SECRET OF CSS

Data Statistics and Analysis With Java and Python


Java and Python are two of the most popular computer languages in use today. Both are very mature and provide the tools and technology ecosystems to support developing solutions to the challenging problems that arise in the world of data science. Each has its idiosyncrasies. It’s important to understand how they compare tackling different problems, whether they shine or lack the required flexibility to handle the assigned tasks.  When one is preferable over the other or when they work in tandem complementing each other.

Python is a dynamically typed language, very straightforward to work with, and is certainly the language of choice to do complex computations if we don’t have to worry about intricate program flows. It provides excellent libraries (Pandas, NumPy, Matplotlib, ScyPy, PyTorch, TensorFlow, etc.) to support logical, mathematical, and scientific operations on data structures or arrays.

Java is a very robust language, strongly typed, and therefore has more stringent syntactic rules that make it less prone to programmatic errors. Like Python provides plenty of libraries to work with data structures, linear algebra, machine learning, and data processing (ND4J, Mahout, Spark, Deeplearning4J, etc.).

In this article, we’re going to focus on a narrow study of how to do simple data analysis of large amounts of tabular data and compute some statistics using Java and Python. We’ll see different techniques on how to do the data analysis on each platform, compare how they scale, and the possibilities to apply parallel computing to improve their performance.

Problem Layout

We’re going to do a straightforward analysis of a set of prices for a large list of cities in different states.  For simplicity, we assume that there is a CSV file that contains this information. We read the file and proceed to filter out some states and group the remaining by city-state pairs to do some basic statistics. We’re interested in finding solutions that can perform efficiently and scale well as the size of the input data grows.

A sample of the data is:

city state basePrice actualPrice
La Jose PA  34.17 33.19
Preachers Slough WA 27,46 90.17
Doonan Corners NY 92.0 162.46
Doonan Corners NY 97.45 159.46
Castle Rock WA 162.16 943.21
Marble Rock IA  97.13 391.49
Mineral CA 99.13 289.37
Blountville IN 92.50 557.66
Blountsville IN  122.50 557.66
Coe IN 187.85 943.98
Cecilia KY 92.85 273.61

The purpose is to show how we would approach solving these types of problems using Java and Python. As we can see, the example is very simple and limited in scope, but it will be easy to generalize to more challenging problems.

Java’s Approach

We start defining a Java record that encapsulates the data entries:

record InputEntry(String city, String state, double basePrice, double actualPrice) {}

The record is a new kind of type declaration introduced in JDK 14. It’s a concise way to define an immutable class that provides constructors, accessors, equals, and hash implementations.

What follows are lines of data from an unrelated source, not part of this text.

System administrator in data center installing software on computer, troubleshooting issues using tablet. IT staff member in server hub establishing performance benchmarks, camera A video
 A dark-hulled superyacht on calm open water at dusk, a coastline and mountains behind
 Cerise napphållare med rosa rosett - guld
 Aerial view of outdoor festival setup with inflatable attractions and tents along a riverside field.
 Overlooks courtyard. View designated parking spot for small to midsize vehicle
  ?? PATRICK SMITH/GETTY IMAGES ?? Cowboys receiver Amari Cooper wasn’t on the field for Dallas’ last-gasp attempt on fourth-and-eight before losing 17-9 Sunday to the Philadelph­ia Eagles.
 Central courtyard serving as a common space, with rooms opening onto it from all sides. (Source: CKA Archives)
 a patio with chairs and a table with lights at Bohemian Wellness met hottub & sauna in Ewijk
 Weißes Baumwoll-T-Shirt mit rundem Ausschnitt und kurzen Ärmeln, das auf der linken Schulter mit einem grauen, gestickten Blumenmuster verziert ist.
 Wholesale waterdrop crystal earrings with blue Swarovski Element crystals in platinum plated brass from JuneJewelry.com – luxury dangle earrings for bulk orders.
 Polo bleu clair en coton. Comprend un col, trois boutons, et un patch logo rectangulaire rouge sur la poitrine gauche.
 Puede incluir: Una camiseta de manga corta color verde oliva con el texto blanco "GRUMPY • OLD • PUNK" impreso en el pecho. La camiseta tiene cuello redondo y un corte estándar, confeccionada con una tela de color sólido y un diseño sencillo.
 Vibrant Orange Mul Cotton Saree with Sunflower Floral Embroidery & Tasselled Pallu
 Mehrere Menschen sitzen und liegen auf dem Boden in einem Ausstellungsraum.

Next, we read the CVS file and accumulate them in a list:

List<InputEntry> inputEntries = readRecordEntriesFromCSVFile(recordEntries.csv);

To do the grouping of the input entries by city and state we define:

record CityState(String city, String state) {};

We encapsulate the stats for all the entries that belong to a group with the following class:

record StatsAggregation(StatsAccumulator basePrice, StatsAccumulator actualPrice) {}

StatsAccumulator is part of the Guava library. You can add sets of double values to the class, and it calculates basic statistics like count, mean, variance, or standard deviation. We use the StatsAccumulator to get the statistics for the basePrice and actualPrice of the InputEntry.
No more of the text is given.